Alguns presos já colocam fogo em colchões em outras unidades; em Montes Claros detentos ordenam incêndios em ônibus

O Tempo

Apesar da liminar que fixa multa de R$ 100 mil por dia ao Sindicato dos Agentes Penitenciários (Sindasp) caso prossiga com a greve, as paralisações nas unidades prisionais de todo o Estado continuam na manhã deste sábado (11). O sindicato informou que a greve está mantida, já que o presidente da entidade ainda não foi formalmente notificado da decisão da Justiça.
Segundo a Secretaria Estadual de Defesa Social (Seds), ainda não houve nenhuma ocorrência relevante nas unidades e o órgão segue monitorando a situação. Para o Sindasp, o balanço é positivo, uma vez que houve grande adesão dos agentes dos presídios do interior do Estado.

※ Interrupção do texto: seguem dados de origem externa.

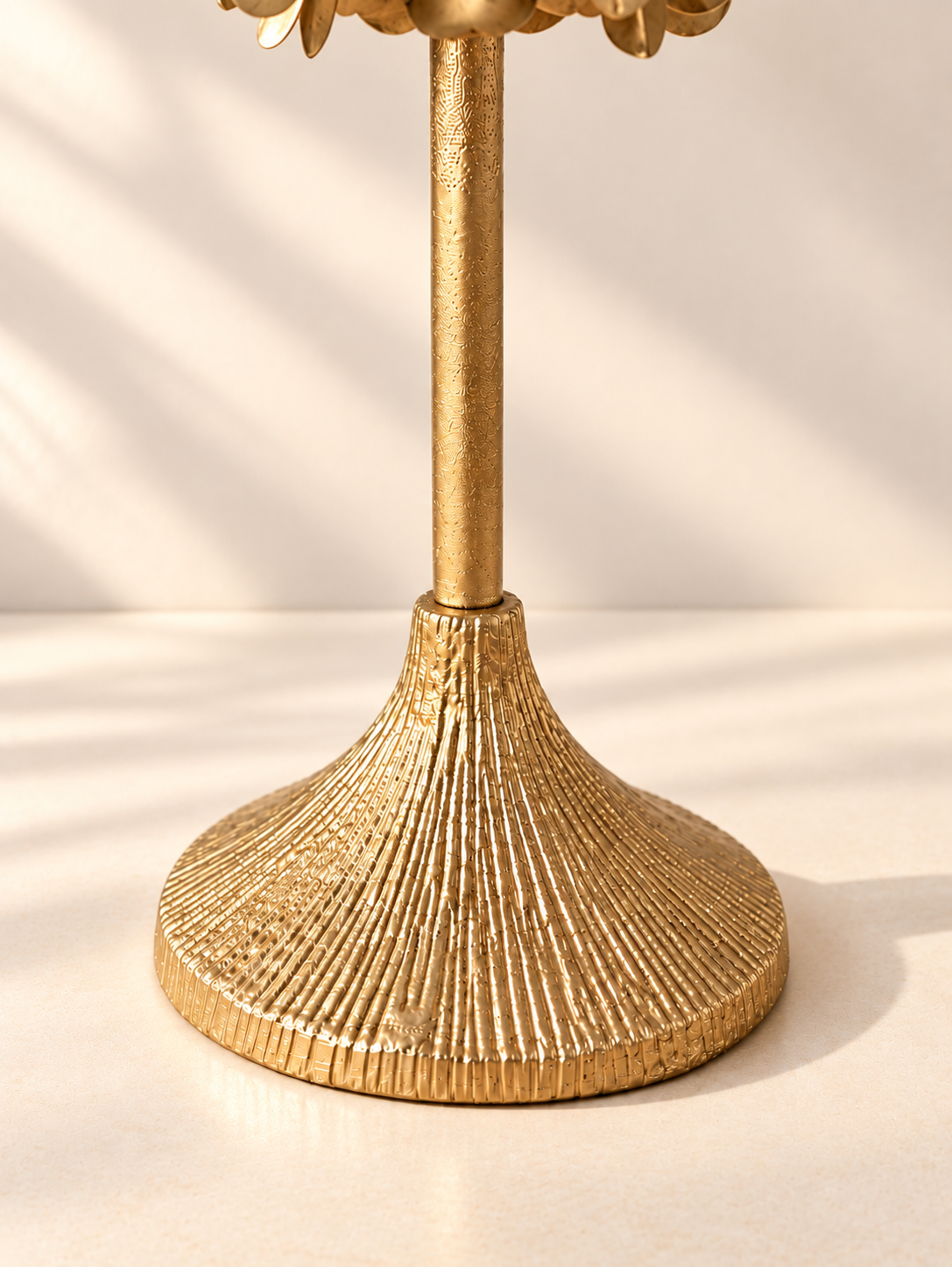 Gulaab Grand Candle Holder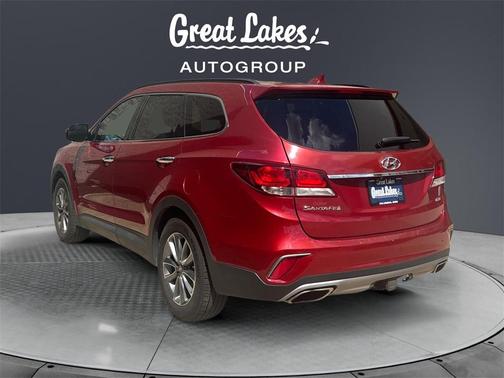 2017 Hyundai SANTA FE SE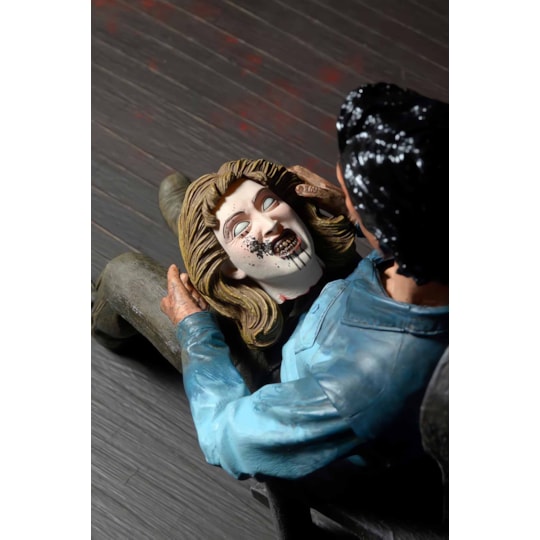 Boneco Articulado Ash Ultimate Evil Dead 2 7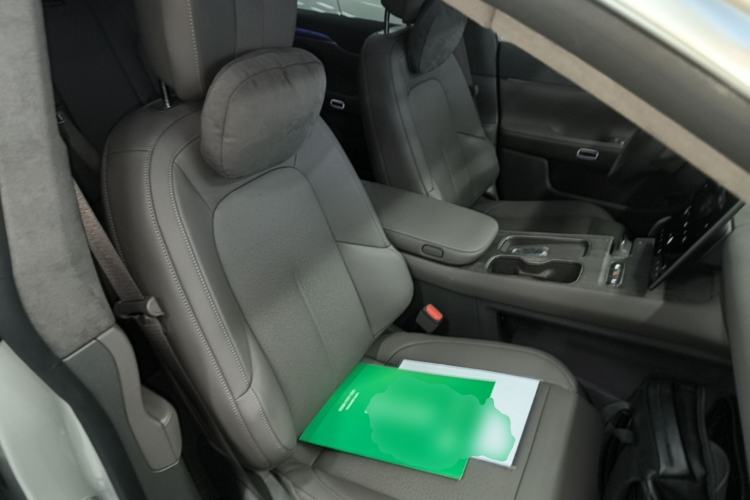 Used Nio ET7 2024 75 kWh Executive Edition Right Front Seat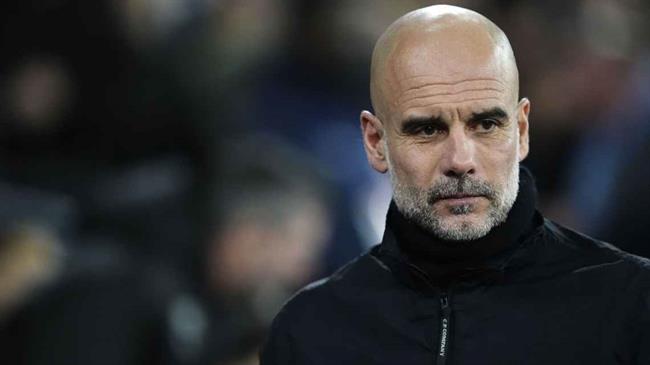 Pep Guardiola thừa nhận Man City tự làm khó mình trong cuộc đua vô địch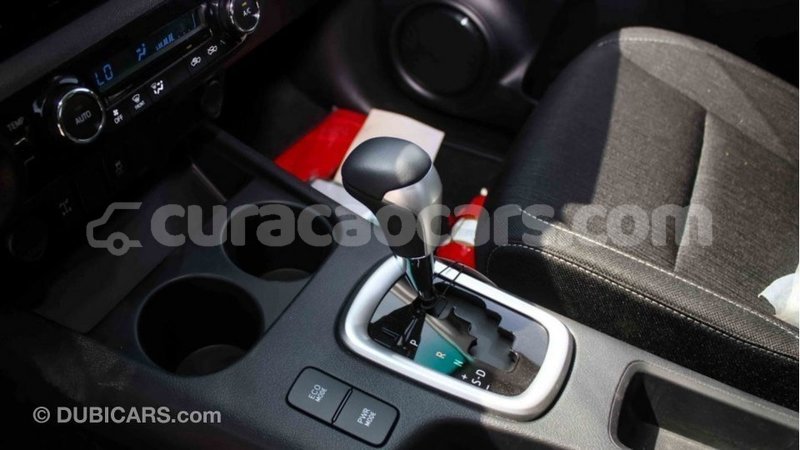 Big with watermark toyota hilux curacao import dubai 2515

Nesta manhã, diretores do Sindicato percorrem unidades prisionais da região metropolitana para monitorar as paralisações.
Muitos presídios já liberaram as visitas aos familiares dos detentos, motivo dos motins. São eles o presídio Antônio Dutra Ladeira e o Complexo Penitenciário Público-Privado, em Ribeirão das Neves, a penitenciaria Nelson Hungria em Contagem, a penitenciária Professor Jason Soares Albergaria, em São Joaquim de Bicas, e o presídio em Três Corações.
Por outro lado, a situação mais tensa acontece no presídio Inspetor José Martinho Drummond, onde, com as visitas ainda suspensas, os familiares dos detentos colocam fogo na porta da unidade. As informações são do presidente da Comissão de Assuntos Carcerários da OAB-MG, Fábio Piló.
Segundo ele, a situação também é tensa no presídio de Bicas I, onde os presos batem nas grades e gritam palavras de ordem, e em Bicas II, onde uma viatura do Comando de Operações Especiais (Cope) foi vista saindo da unidade com três presos, possivelmente para o hospital.
Mesmo com a liberação gradual das visitas, o estado é de atenção nas unidades prisionais. A Polícia Militar informou que foram deslocadas duas viaturas em cada unidade prisional do Estado em ameaça de rebelião. No geral, os diretores dos presídios querem liberar as visitas, mas os agentes das guaritas impedem.